Dataset records =
##########

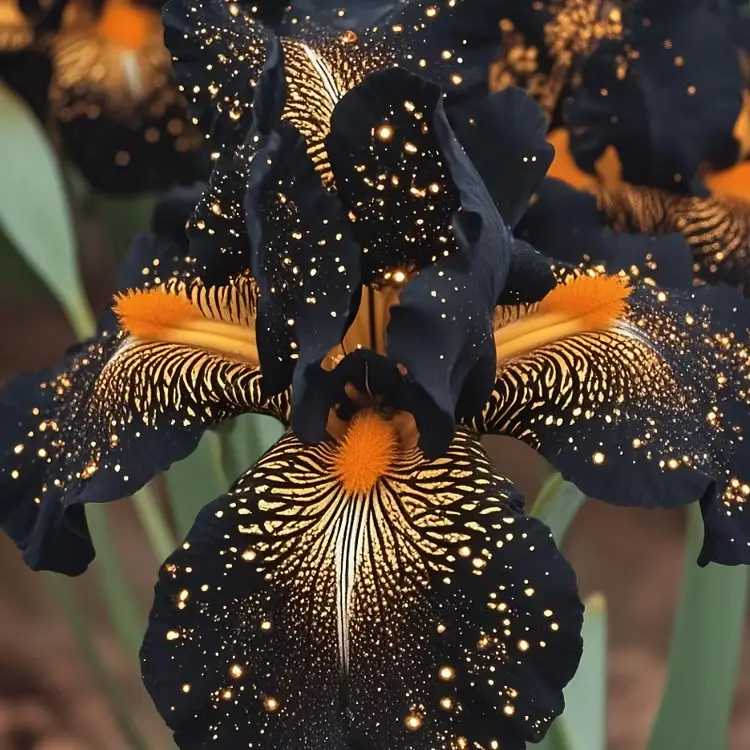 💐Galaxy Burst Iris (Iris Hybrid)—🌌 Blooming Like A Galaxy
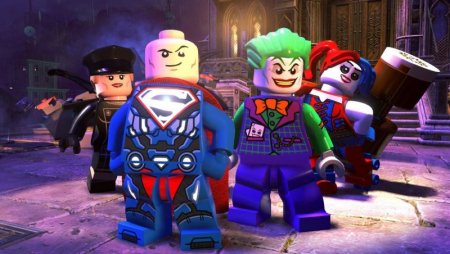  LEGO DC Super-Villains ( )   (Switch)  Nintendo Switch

##########

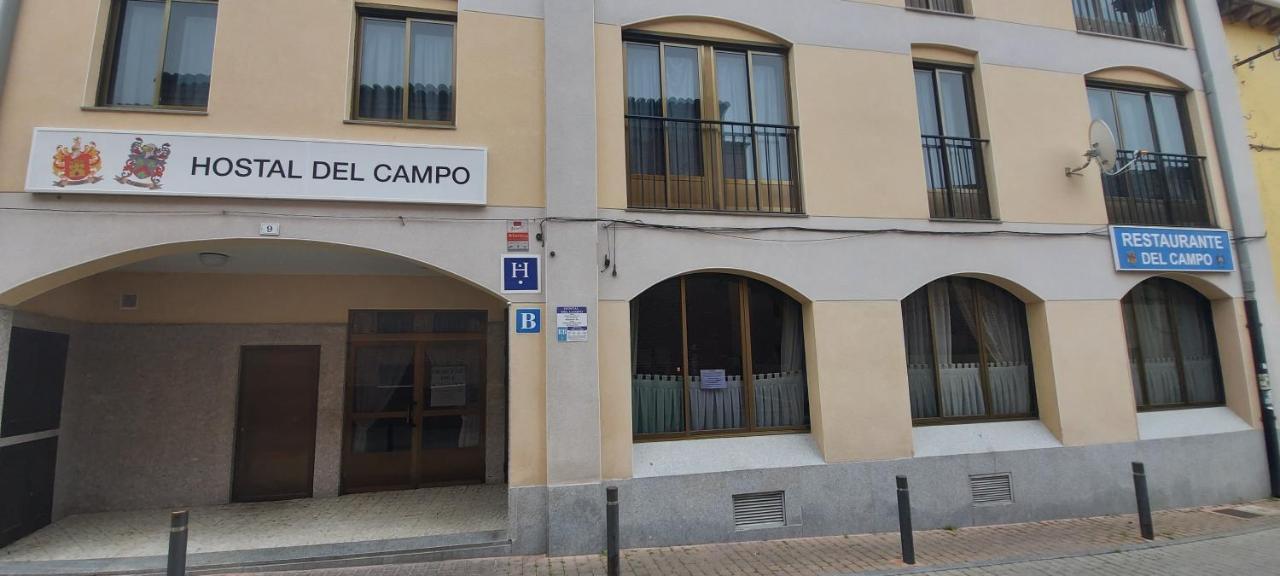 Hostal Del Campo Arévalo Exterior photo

##########

What is expected =
The stretch above running from the line with "Like A Galaxy" through the line with "LEGO DC Super-Villains" is all you should copy, exactly, leaving out the pictures.

Answer box =
 💐Galaxy Burst Iris (Iris Hybrid)—🌌 Blooming Like A Galaxy
  LEGO DC Super-Villains ( )   (Switch)  Nintendo Switch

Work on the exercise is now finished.